Hundreds of gifts packed into a car heading to migrant children in Matamoros.
Castellano, her husband Jehu and daughter Ellie were taking goods as they have before. Anamichelle was even dressed for the occasion in Christmas attire. It’s part of the Socorro Foundation’s mission to help migrants along the border. This time something different.
“We don't normally drive this vehicle in Mexico, but that morning my vehicle had a flat tire and the battery was dead,” explained Anamichelle.
The family loaded the packages into Jehu’s SUV and the wrapped boxes.
“We’re going to have to open all your gifts or you can go through the x-ray machine. I said, ‘I'll go through the x-ray machine,’” said Anamichelle.
There was an anomaly in the x-ray. At first, authorities thought a coin cup was the undetected mass.
“We took the coins out and it still showed yellow. So, they, I guess, investigated further and under a bunch of receipts was this random, small little box of bullets that had been left behind by accident from a trip we took more than six months ago to our family's ranch,” Anamichelle described.
Jehu described it as a small box full of 9mm caliber bullets. Taking ammunition into Mexico is a federal crime. Anamichelle and the volunteer in the car with her were detained.
“From there they began to treat us like criminals,” said Anamichelle.
Her husband and young daughter were distraught.
“I don’t care if they hear me cry. I wanted them to hear me cry, because if they heard me cry, they'd hear me suffer,” said Ellie.
Monday afternoon turned into evening.
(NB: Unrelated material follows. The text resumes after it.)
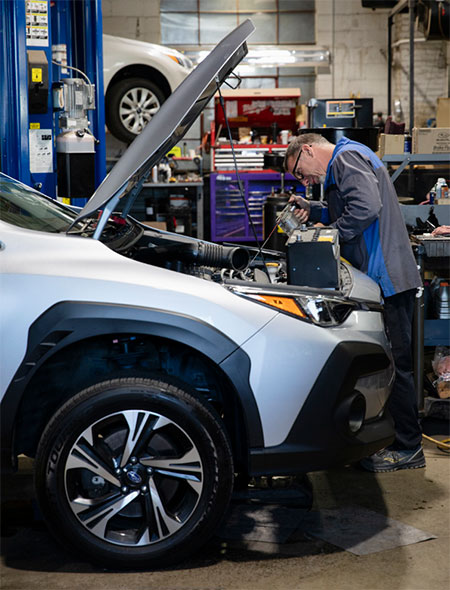 curry-subaru-kingston-ny-hudson-valley-catskills-car-dealer-04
The Castellanos were told repeatedly her release was imminent, but dependent on a process they were not familiar with.
They hired an attorney. He asked them for $500 to negotiate, but nothing happened.
On Tuesday, they tried another attorney who said her release required thousands of dollars. Jehu was getting frustrated.
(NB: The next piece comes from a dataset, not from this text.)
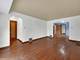 14431 S Lowe, Riverdale, IL 60827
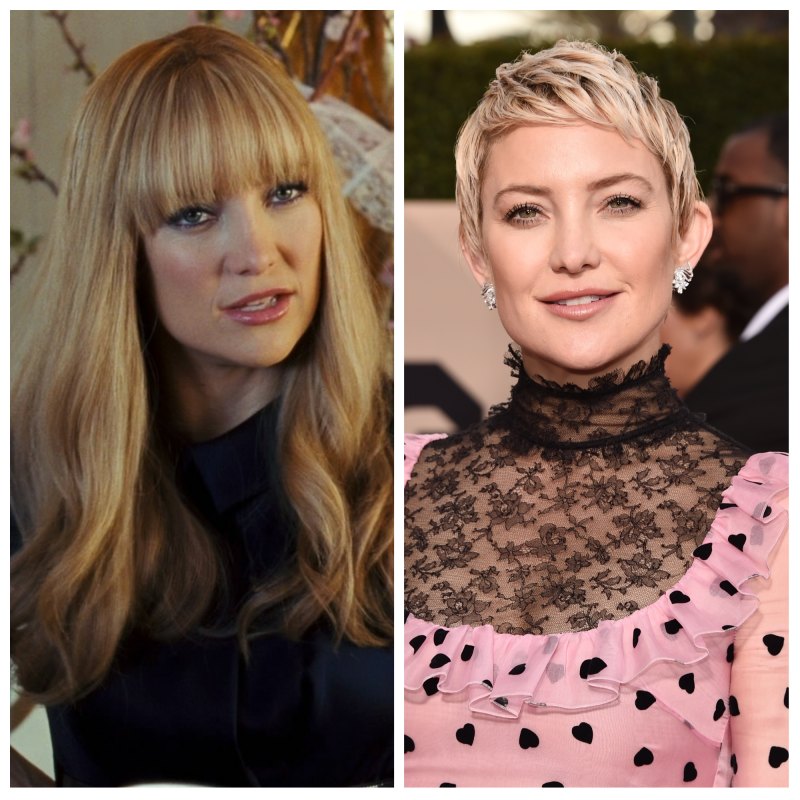 Kate hudson 1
“I wasn’t feeling like the job was going to get done,” he said.
He says they prayed and by Tuesday afternoon, something changed.
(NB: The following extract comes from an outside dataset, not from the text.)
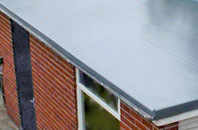 free Bookham flat roofing insulation quotes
“I’ve been to church my whole life and I know when the presence of God is with me. And I felt a major breakthrough,” said Jehu.
He offered a compromise on the amount and the Mexican officials accepted.
With borrowed money they secured the release of both Anamichelle and her volunteer. Part of the gifts are still in custody, but before they left the family distributed some products and other necessities at the camp.
In spite of the experience, they feel there was a higher purpose.
Jehu said, “We saw the hand of God move.”
For Anamichelle, it served to highlight their mission.
“I think America needs to know that. I think they need to know the story behind this camp,” said Anamichelle.
The Castellanos say investigation in Mexico is still ongoing. They told us they are undeterred from continuing to help.